# Information supplied:
* * *

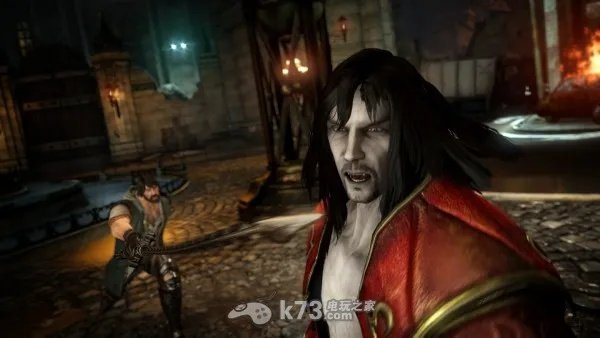 笑破防！恶魔城暗影之王2：揭秘暗黑英雄的逗趣冒险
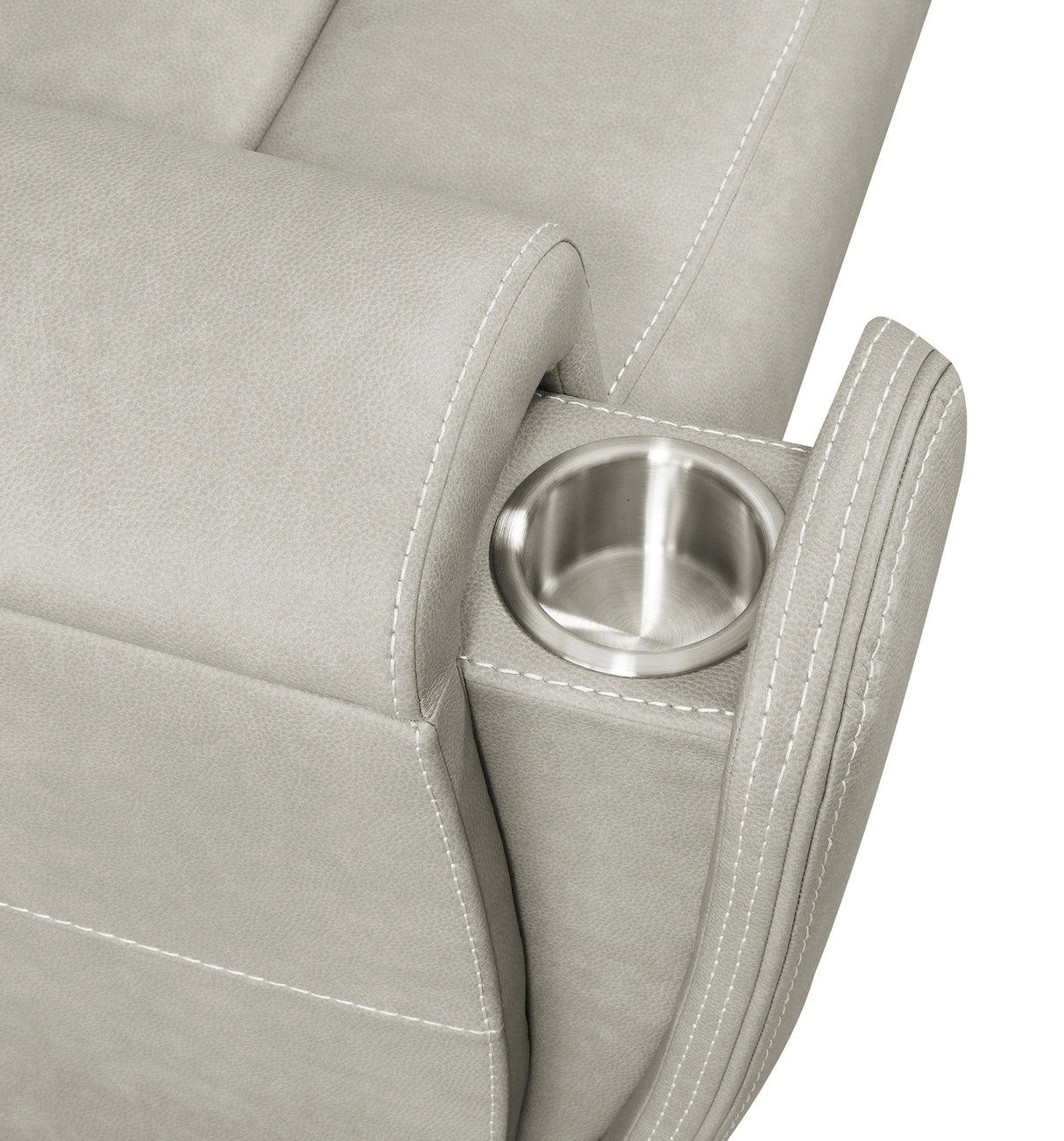 Brickston Triple Power Swivel Glider Recliner
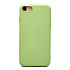 Чехол-накладка Activ Full Original Design для "Apple iPhone 7/iPhone 8/iPhone SE 2020" (light green)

* * *

# What you are asked to do:
Give back an exact copy of only the lines from the one with "Brickston Triple Power" through the final line of the material, both included. Pictures do not belong in it.

# Task answer:
 Brickston Triple Power Swivel Glider Recliner
 Чехол-накладка Activ Full Original Design для "Apple iPhone 7/iPhone 8/iPhone SE 2020" (light green)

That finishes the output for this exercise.